REQUIREMENT:
Output the records below verbatim, minus the pictures.

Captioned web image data
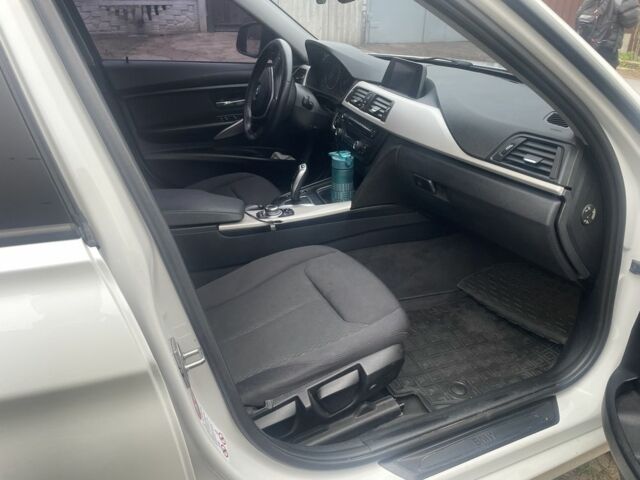 Білий БМВ 3 Серія, об'ємом двигуна 2 л та пробігом 217 тис. км за 15000 $, фото 6 на Automoto.ua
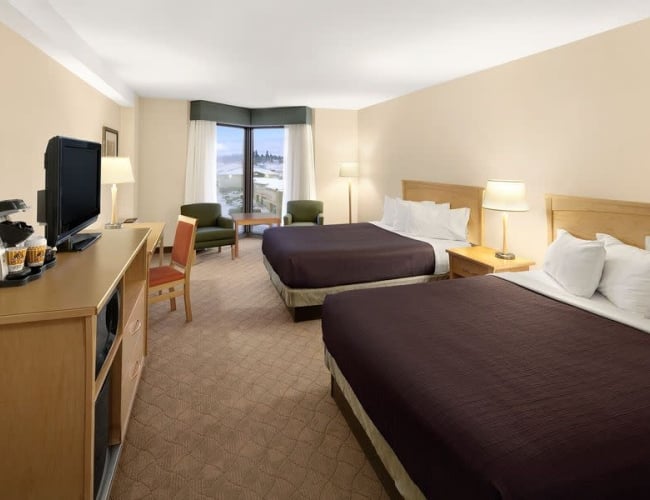 Travelodge Hotel by Wyndham Saskatoon – Standard Room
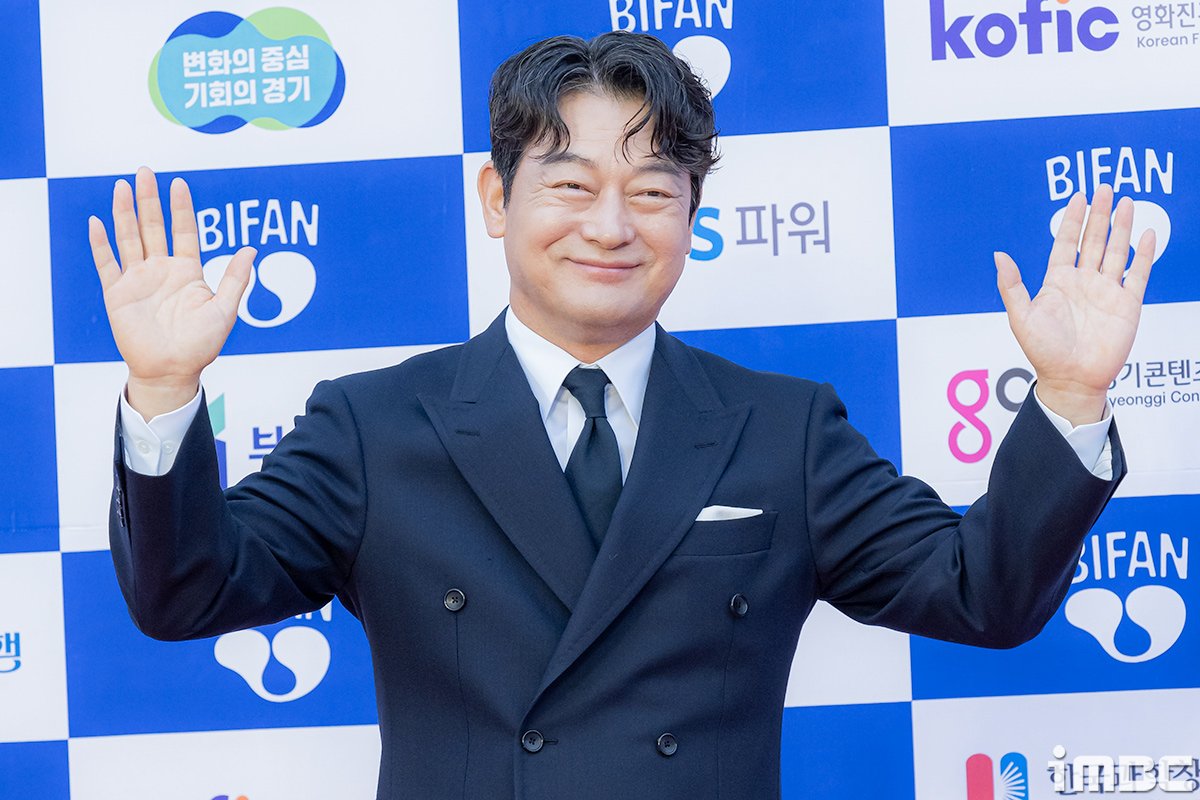 [단독] '파수꾼' 조성하X이제훈 부자, '승산있습니다'로 재회(종합)
#조성하 #ChoSeongHa #이제훈 #LeeJehoon #재회 
#승산있습니다 #SBS드라마 #금토드라마 #iMBC연예 

배우 조성하가 이제훈과 다시 한번 호흡을 맞춘다. 과거 '파수꾼'에서 부자지간으로 연기 호흡을 펼쳤던 두 사람이 새 작품에서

RESPONSE TO THIS TASK:
 Білий БМВ 3 Серія, об'ємом двигуна 2 л та пробігом 217 тис. км за 15000 $, фото 6 на Automoto.ua
 Travelodge Hotel by Wyndham Saskatoon – Standard Room
 [단독] '파수꾼' 조성하X이제훈 부자, '승산있습니다'로 재회(종합)
#조성하 #ChoSeongHa #이제훈 #LeeJehoon #재회 
#승산있습니다 #SBS드라마 #금토드라마 #iMBC연예 

배우 조성하가 이제훈과 다시 한번 호흡을 맞춘다. 과거 '파수꾼'에서 부자지간으로 연기 호흡을 펼쳤던 두 사람이 새 작품에서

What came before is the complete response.